Company Filing History:
Years Active: 2025
Title: Innovations of Nicholas F Nett in Machine Learning Systems
Introduction
Nicholas F Nett is an accomplished inventor based in Vernon, CT (US). He has made significant contributions to the field of machine learning, particularly in the area of automated database element processing and prediction output generation. His innovative work has the potential to impact various sectors, especially in health management.
Latest Patents
Nicholas F Nett holds a patent for a computerized method of automatic distributed communication. This method involves training two machine learning models with historical feature vector inputs to generate likelihood and mean count outputs. Specifically, for each entity in a set, the method processes a likelihood feature vector input to predict the likelihood of avoidable negative health events within a specified time period. Additionally, it processes a mean count feature vector input to estimate the expected number of such events. The system automatically distributes structured campaign data to entities based on these outputs, showcasing a practical application of machine learning in health management.
Career Highlights
Nicholas is currently associated with Cigna Intellectual Property, Inc., where he continues to develop and refine his innovative ideas. His work focuses on leveraging machine learning to enhance predictive analytics in healthcare, aiming to improve patient outcomes and reduce avoidable health events.
Collaborations
Throughout his career, Nicholas has collaborated with notable colleagues, including David Fogarty and Yee Wah Eva Lee.

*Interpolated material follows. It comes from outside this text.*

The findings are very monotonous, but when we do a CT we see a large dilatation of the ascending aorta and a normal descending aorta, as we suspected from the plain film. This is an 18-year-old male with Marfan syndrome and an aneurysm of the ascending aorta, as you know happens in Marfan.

These partnerships have fostered a collaborative environment that encourages the exchange of ideas and the advancement of technology in their field.
Conclusion
Nicholas F Nett's contributions to machine learning and healthcare innovation exemplify the impact of technology on improving health outcomes. His patent and ongoing work at Cigna Intellectual Property, Inc. highlight the importance of predictive analytics in modern healthcare.